Work from office all five days or your appraisals will suffer, TCS tells employees
Summary
- India's largest IT services firm wants to return to a 100% work-from-office model as it believes new employees have missed out on “workplace essentials” such as mentorship, team building, and collaboration thanks to the two years of lockdowns.
Bengaluru: Tata Consultancy Services Ltd (TCS) has warned employees that failing to return to offices by March will affect their appraisals and performance reports, two executives privy to the development told Mint.
“While the company has not said it will fire employees (who don’t return to office) or cut their salaries, it will impact our appraisals and performance reports," said a TCS executive with knowledge of the matter.
“We first got the intimation of working from the office at a town hall last year.
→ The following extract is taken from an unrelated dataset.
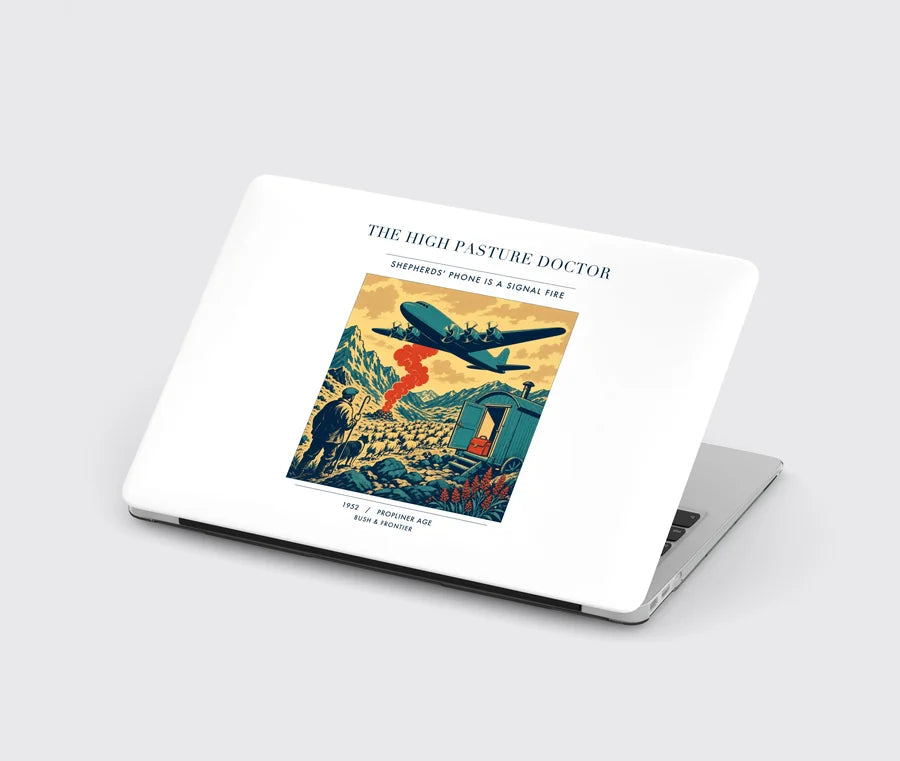 VINTAGE G4348 - The High Pasture Doctor - Designed MacBook Cases design on white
Gradually, HR passed on the message to delivery managers, who then intimated their teams. Each of us was also told about the development at our individual desks," said the executive, who added that the HR department had also sent emails to employees about this.
Employees across the board were told to work from the office for three days a week around February last year, said the executive. Now, the company has decided to recall employees to offices for all five days of the week.
“All employees were asked to work from the office for five days a week from January 2024 but no deadline was given to us. A senior HR executive also informed us of this through the company’s internal communication tool, Ultimatix," the employee added.
Emails sent to TCS did not elicit an immediate response.
Kamal Karanth, co-founder of Xpheno, a specialist staffing firm, said, “IT companies’ clients are tightening rules and expecting better protocols from a cybersecurity perspective. That’s why IT companies feel it is safer for their employees to work from offices."
TCS’s top brass has been urging its employees to return to offices since last year, marking a shift from its ‘25 by 25’ hybrid model from 2020, which called for a quarter of employees working remotely by 2025.
“The vibrancy and energy levels in our offices are increasing as more of our employees return. We expect to be back to our normal operating mode by the end of the current fiscal year," Milind Lakkad, chief HR officer, TCS, wrote in the company’s December-quarter earnings press release.
On the importance of working from office, Lakkad wrote in the company’s FY23 annual report that new employees have missed out on “workplace essentials" such as mentorship, team building, and collaboration thanks to the two years of lockdowns.
“Over half of our workforce today was hired after March 2020. New employees get acculturated through physical interactions with senior colleagues and leaders, and observing and following their behaviour and ways of thinking. Without those interactions, employee engagement and acculturation was badly affected. All these factors led us to gradually bringing people back to our offices during the year," Lakkad said.
On whether insisting on work-from-office was disadvantageous for companies, Xpheno’s Kamath said employees preferred hybrid or work-from-home models. “When my company informs candidates about job openings on behalf of IT companies, the first question they ask is if the job is remote, hybrid, or work-from-office. If the job is office-based, they don’t take it unless they are unemployed or if the company is offering a 50% raise," he said.
TCS ended the December quarter with 6,03,305 employees, 5,680 fewer than it had at the end of September 2023, and 10,669 fewer than at the end of December 2022.
It is not the only Indian IT company exhorting employees to work from offices. HCL Technologies Ltd has been doing so as well. A spokesperson for the company said, “Mid-manager-level employees and above are being encouraged to work from office at least three days a week."